Campo de jogo – o futebol entre a poeira e o mito

No cinema

24.07.15

“A mais sórdida pelada é de uma complexidade shakespeariana”, escreveu celebremente Nelson Rodrigues. De certo modo, Campo de jogo, de Eryk Rocha, é a mais perfeita tradução dessa ideia em cinema.

Não se trata propriamente de um documentário, mas de um ensaio poético em torno do campeonato de favelas do Rio de Janeiro, em que catorze times se empenham como se disputassem uma Copa do Mundo. O torneio, aliás, ocorre num campo de muita terra e pouca grama localizado perto do mítico Maracanã, palco de dois Mundiais.

Fundamentos lúdicos

A proximidade geográfica entre as duas arenas – a da favela e o Maracanã – não esconde, antes realça, o contraste entre elas. Longe dos holofotes, dos milhões de dólares da publicidade e da mídia (e da corrupção da Fifa), o certame das favelas, na ótica de Eryk Rocha, devolve o futebol a seus fundamentos lúdicos, dramáticos e estéticos.

Cena de Campo de jogo

Nada disso é formulado em palavras, mas se expressa no movimento dos corpos, nas nuvens de poeira, nos gritos da torcida, em sangue, suor e lágrimas dessa “guerra maravilhosa de noventa minutos”, como definiu Jorge Ben.

Tudo começa, literalmente, no campo de jogo. As primeiras imagens mostram um homem – negro, como 90% ou mais das pessoas que veremos no filme – fazendo as marcações do terreno com punhados de cal que ele tira de um saco com as próprias mãos.
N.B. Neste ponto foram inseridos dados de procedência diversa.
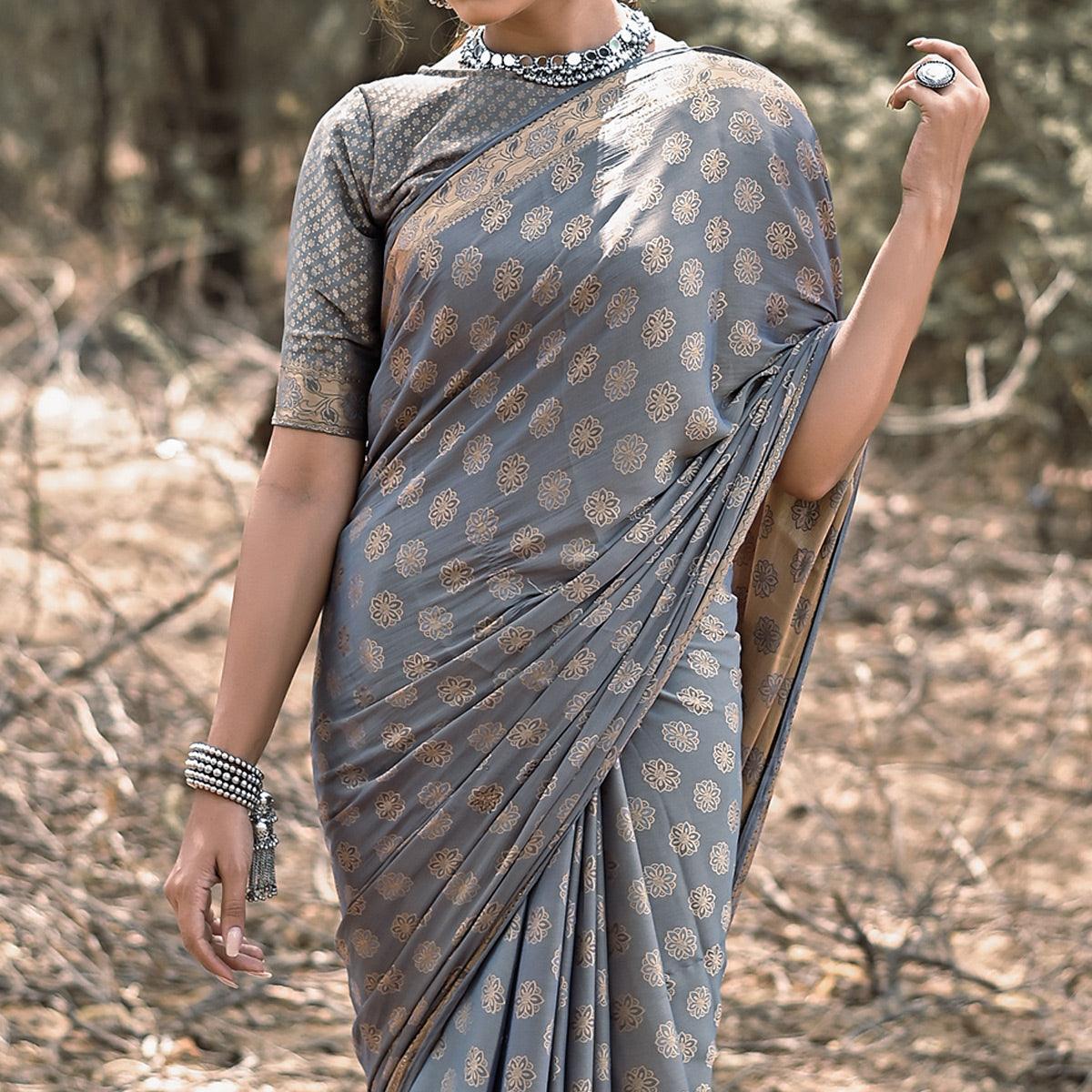 Grey Festive Wear Woven With Swarovski Art Silk Saree - Peachmode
Essa arena precária resumirá, a partir dali, todo um mundo de paixões turbulentas.

O eixo da narrativa é a decisão do torneio, entre os times Geração e Juventude, mas Eryk Rocha embaralha as imagens da grande final com as de partidas anteriores. Não há uma propriamente uma progressão cronológica – embora tudo culmine na disputa de pênaltis decisiva – e sim uma organização aparentemente (e só aparentemente) aleatória em que tudo se mistura: lances de jogo, preleções, rezas, brigas, treinos, conversas.

Dimensão épica

É o olhar do cineasta – os supercloses, os enquadramentos oblíquos, os ruídos, os silêncios, a música, a montagem descontínua, a ocasional alteração da velocidade e até a inversão do movimento – que dá àquelas pelejas quase anônimas a dimensão de épicos. Melhor dizendo: revela na rudeza e precariedade delas a sua grandeza humana, desvelando heróis e semideuses “no meio de uma gente tão modesta”.
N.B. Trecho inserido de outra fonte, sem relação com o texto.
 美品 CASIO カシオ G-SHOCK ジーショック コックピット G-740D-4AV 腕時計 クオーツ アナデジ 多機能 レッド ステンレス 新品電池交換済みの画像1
A imaginação é tudo, o sonho transfigura o real. Um coro de torcida chama o arqueiro de seu time de “o melhor goleiro do Brasil”. E por um momento ele se transforma realmente no melhor, não só do Brasil, mas de todo o mundo, pois o mundo agora é aquele campinho miserável, onde a grama só cresce junto às laterais.

Algumas passagens são antológicas, como o drama solitário do juiz acuado (repetido com o filme rodando de trás para a frente), as rezas de Pai-Nosso gritadas como uma catarse da tensão pré-jogo, os corpos negros manchados de terra, estampando estranhos mapas traçados pelo suor.

Natureza e cultura

Num curioso paradoxo, a dimensão mítica do jogo parece mais presente quando o filme retorna aos elementos básicos, à relação entre a pele e a terra, num trânsito constante e de mão dupla entre a natureza e a cultura.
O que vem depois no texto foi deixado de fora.